Mary Snowden blends a wide range of drawing styles, many borrowed from cartoons such as Little Orphan Annie and illustrations from Mother Goose and children’s textbooks.  She creates deliberate contrasts between the imaginary and the real, and plays with old-fashioned notions of what captures a child’s fancy vs. contemporary childhood realities.  Little Orphan Annie goes to the wharf for a picnic, where she spreads out a marvelous selection of homemade delicacies for her friends: the frog who sings, the pig who drums, and other animals who dance and entertain themselves.  They may be oblivious to the history of picnics at an actual beach or on the grass in the once green world.  They appear immensely happy amidst what they have: a graffiti adorned tug boat and dry-docked skiff beside them, airliners passing overhead and container cargo being unloaded nearby.  The viewer may be old enough to recall that Little Orphan Annie was frequently reduced to dire straights in life and always remained the optimist.

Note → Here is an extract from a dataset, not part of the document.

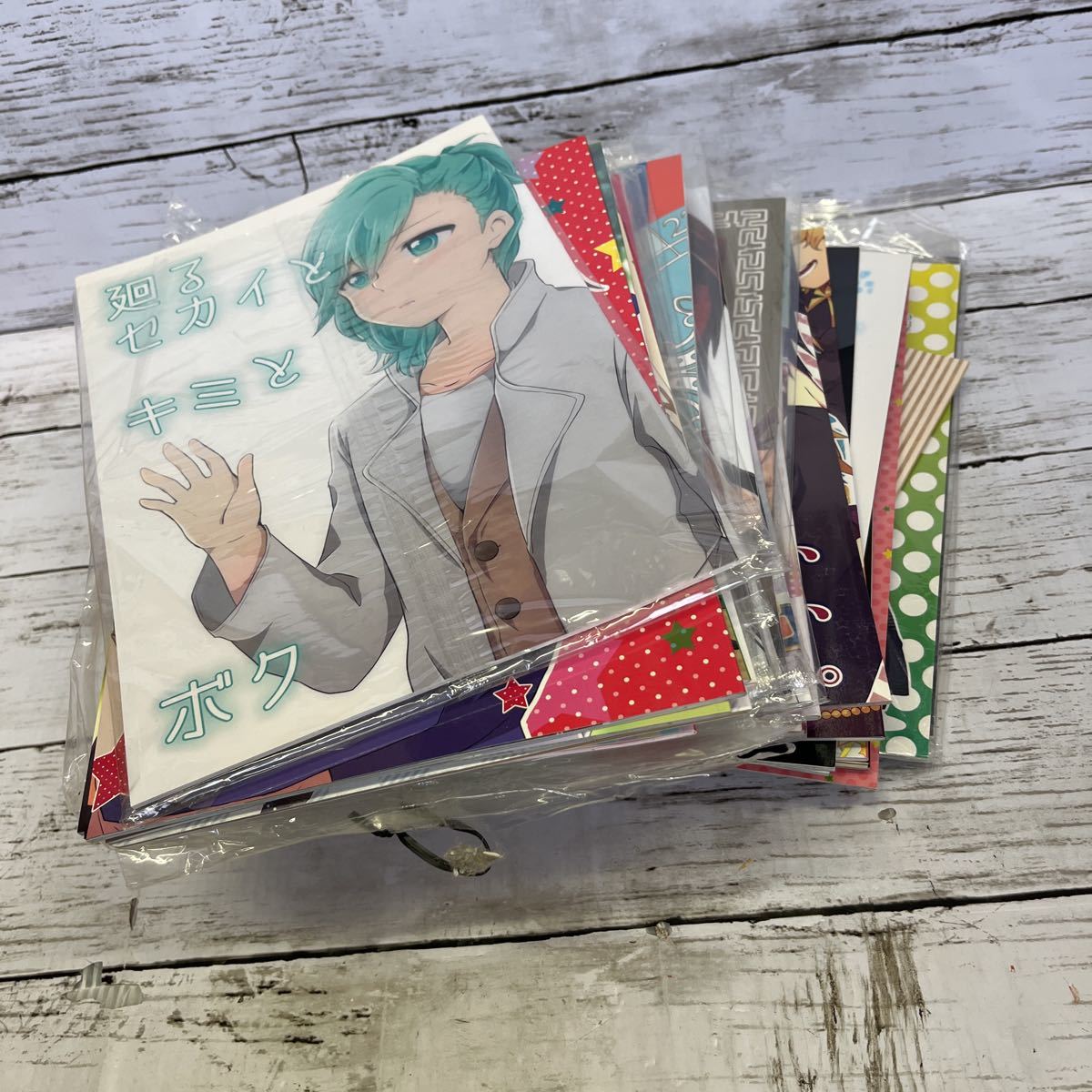 D867 同人誌 うたの☆プリンスさまっ♪(うたプリ)大量 約40冊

The surfaces of Snowden’s large drawings on heavy rag paper are another rewarding viewing experience.  Some of the imagery, with its pigment sunk into the fibers of the paper, could be mechanically reproduced or carefully painted with expertly mixed washes.  Other lines and shapes sit up on the surface with glittery surfaces or matt colors that contrast each drawn element subtly with its neighbor.  Some lines look like colored pencil.  Others glow with the halo of a second color around them.  Snowden’s pallet is restrained, in shades and tints that create the slightly faded look of a page in an aged childhood reader.

Enrique Chagoya’s  codex/comic strip The Misadventures of the Romantic Cannibals (detail)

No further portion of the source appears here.